FACT can query the firmware versions on switches in a network and perform firmware updates, either on individual switches or on multiple switches simultaneously. FACT can also control ports. FACT can enable or disable one or several ports, individually, and change their width and speed. Using this port-control capability is more desirable than using the existing switch CLI because FACT is a single point of control. FACT allows the port to be specified by either the chassis or the chip location.
Hardware and Software Compatibility
FACT runs on a Linux host and requires the following supported software distributions:
- RedHat Enterprise Linux, Version 4 or 5, or SUSE Linux Enterprise Server Distribution, Version 9 or 10
- Python, Version 2.3 or later
FACT can log in to Cisco Server Fabric Switches that run Cisco SFS OS, to OEM switches from QLogic (Cisco SFS 7012 and Cisco SFS 7024), and to Unix/Linux-based hosts, including those that run the host-based Subnet Manager. FACT can also monitor and control unmanaged switches to a limited extent by using in-band InfiniBand messages. FACT uses the ibspark tool to upgrade firmware on unmanaged switches. FACT uses the ibportstate tool to control ports. These tools must be installed and available on a Linux host that is directly connected to the InfiniBand network and that FACT can log in to through SSH. FACT performs all other operations through IP to the management ports on a device, so it can run on any network-connected host. FACT can optionally use configurations that map node GUIDs and system image GUIDs to user-specified names. This option is especially useful when working with unmanaged switches because unmanaged switches do not have IP addresses or other identifiers; their only identifiers are their node GUIDs. However, GUID names can be used for any switch or channel adapter.
Understanding the Subnet Manager
FACT works closely with the Subnet Manager to understand the network fabric because the Subnet Manager configures and maintains fabric operations. The Subnet Manager is the central repository of all information that is required to set up and bring up the InfiniBand fabric. The master Subnet Manager does the following:
- Discovers the fabric topology
- Discovers end nodes
- Configures switches and end nodes with their parameters, such as the following:
- Partition Keys (P_Keys)
- Configures switch forwarding tables
- Receives traps from Subnet Management Agents (SMAs)

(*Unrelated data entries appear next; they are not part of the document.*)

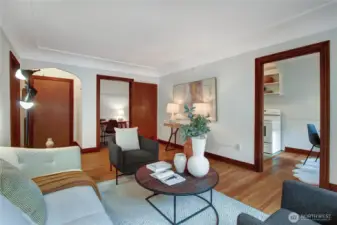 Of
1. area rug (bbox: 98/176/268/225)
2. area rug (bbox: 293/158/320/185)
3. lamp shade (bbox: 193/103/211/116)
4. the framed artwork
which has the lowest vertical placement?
area rug (bbox: 98/176/268/225)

- Sweeps the subnet, discovering topology changes and managing changes as nodes are added and deleted
A network may contain multiple Subnet Managers acting as standbys, but it may contain only one master Subnet Manager.
Understanding Secure Shell
Secure Shell (SSH) is a network protocol that provides a secure remote access connection to network devices. Cisco FACT uses SSH to provide secure communication from network computers to the Cisco SFS OS CLI.